● How to complete this task: In the entries that follow, find the line containing "A living room with a couch and a staircase."; from there, copy every line exactly through the line containing "Close-up of charcoal".

#### Study material

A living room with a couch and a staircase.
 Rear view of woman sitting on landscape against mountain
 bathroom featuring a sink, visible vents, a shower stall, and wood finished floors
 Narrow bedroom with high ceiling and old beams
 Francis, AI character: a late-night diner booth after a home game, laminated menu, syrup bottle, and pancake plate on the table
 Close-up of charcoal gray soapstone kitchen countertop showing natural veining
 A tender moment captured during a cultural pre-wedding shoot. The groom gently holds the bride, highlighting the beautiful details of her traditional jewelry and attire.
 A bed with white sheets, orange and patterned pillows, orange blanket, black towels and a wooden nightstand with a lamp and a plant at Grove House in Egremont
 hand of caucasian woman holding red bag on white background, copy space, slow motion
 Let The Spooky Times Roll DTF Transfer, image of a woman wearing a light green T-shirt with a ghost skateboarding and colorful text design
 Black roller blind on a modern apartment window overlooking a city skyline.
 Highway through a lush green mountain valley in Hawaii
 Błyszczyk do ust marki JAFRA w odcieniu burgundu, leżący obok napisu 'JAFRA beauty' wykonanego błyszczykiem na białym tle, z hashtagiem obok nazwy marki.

########
#### Study material

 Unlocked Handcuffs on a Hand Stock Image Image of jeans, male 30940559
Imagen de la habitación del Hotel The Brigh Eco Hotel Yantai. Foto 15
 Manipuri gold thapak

########

● Output below:
A living room with a couch and a staircase.
 Rear view of woman sitting on landscape against mountain
 bathroom featuring a sink, visible vents, a shower stall, and wood finished floors
 Narrow bedroom with high ceiling and old beams
 Francis, AI character: a late-night diner booth after a home game, laminated menu, syrup bottle, and pancake plate on the table
 Close-up of charcoal gray soapstone kitchen countertop showing natural veining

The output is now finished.